An emerging body of evidence suggests that decentralising public services with a managed competition (MC) process enhances performance. It’s an increasingly popular system that has been favoured by governments for most health services in Europe: public services are implemented by competing service providers and appear to offer value in terms of both efficiency and service quality.
But, says Esade’s Marc Esteve, little is known about how MC systems react under different circumstances, such as a sudden increase in demand.
“One of the main governance decisions that policymakers need to make is whether to implement public services via centralised or decentralised forms,” explains Esteve, who has looked at the subject in a new paper co-authored with Germà Bel of the University of Barcelona. “When public services are implemented via competing systems, service providers contend to provide good services with the ultimate objective of gaining market quota. This is known as managed competition, as the authorities have to manage the panoply of public and private organisations offering the service. The alternative is to manage services centrally, in what’s known as vertical integration.”
The case of Italy
The Covid-19 pandemic has presented an opportunity to assess how the two different systems perform in unforeseen circumstances. Taking Italy as an example, a country which has sadly suffered from a high incidence rate, comparisons can be made between regions such as Emilia Romagna and Veneto, which operate under a more centralised model, with other regions that have opted for decentralised MC systems, such as Lombardy.
When public services are implemented via competing systems, service providers contend to provide good services with the ultimate objective of gaining market quota
According to research that focused on the number of deaths and swab tests performed to compare regional responses, regions with decentralised MC systems saw the largest deaths ratio per inhabitant, with a comparatively small frequency of swab tests. The research concluded that MC systems may offer efficiency gains during normal times, but during a sudden increase in demand, vertical integration systems perform better.
“However, there are many other factors that need to be taken into account before we can decisively say MC health care systems underperform during a crisis,” say Esteve and Bel.
“Different degrees of severity of Covid-19 consequences can be explained by a variety of factors with concurrent effects which make isolating one single factor difficult. One way to assess whether there is a correlation between health management systems and outcomes (such as fatality rates or tests performed) is to compare health systems with different management across relatively comparable jurisdictions.”
Market reliance v public provision
To do this, Esteve and Bel used the typology of health management systems and the corresponding classification of countries from the OECD in 2010. Adding publicly available data on the number of deaths per million inhabitants, they computed data for each country, 67 days after the first death from Covid-19 was registered (which is the time lag corresponding to data on Italy from 30 April – first death recorded on 23 February).
“The results do not allow us to establish any sensible correlation between health management systems and the severity of fatalities,” they say. “The average death toll for systems based on reliance on the market (153.7 per million) is lower than that for systems based on public provision (182.8 per million). However, these numbers are hardly comparable; not only because the average numbers for each subcategory are divergent, but also so is the variance within each subcategory.”
Neither, say the authors, do the results take into account the estimation of excess deaths, which vary between countries. “The data do not allow us to make robust claims that systems based on market reliance performed better,” explain Esteve and Bel. “But in no way do they support the opposite: that is, that systems based on publicly controlled mechanisms with a higher or lower degree of vertical integration performed better.”
The Spanish comparison
To make a finer comparison with the situation in Italy, Bel and Esteve analysed the Spanish system, which has similar regional management and a comparable frequency of fatalities.

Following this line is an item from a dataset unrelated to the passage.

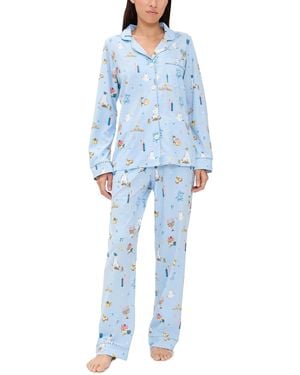 Bedhead PJs Classic Pj Set - Blue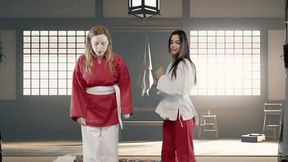 Karate girls - MISTY ADDAMS & MISTY REIN - worship FEET HIDEF MOV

“Again, we cannot see any correlation between vertical integration of management and lower severity, or higher testing,” they say. “Three out of the four regions with a higher fatality rate are also among those with higher vertical integration. Again, no robust claims on a relationship between vertical integration and more fatalities can be made based on these data. Fatalities are relatively higher than in Italy, and so are excess deaths, but the data are not consistent with the opposite claim. Nor is there a relationship between the degree of vertical integration and testing activity.”
When the Spanish Government centralised health competencies in response to the crisis, Covid-19-related purchases were chaotic
In addition, Esteve and Bel point out, when the Spanish Government centralised health competencies in response to the crisis, Covid-19-related purchases were chaotic. Ten days after centralisation, most regions went out to provider markets on their own due to a lack of provision by the central government.
“Comparisons between vertically integrated and autonomous management of health systems in an emergency requires an extremely nuanced discussion,” say the authors. “A crisis emphasises the need for strong leadership and central control at a strategic level on one side; but it also emphasises the need for local autonomy and operational flexibility on the other. Local agility can be difficult if central restrictions are too strong and give limited room to local authorities. Management systems must be decentralised to a certain point, which implies that politicians and public managers must facilitate a self-organised response system, instead of trying to control the system.”
As governments seek new ways to deliver services and projects in times of fiscal austerity, further studies that systematically examine how best to make a success of these organisational forms will undoubtedly be of enormous value.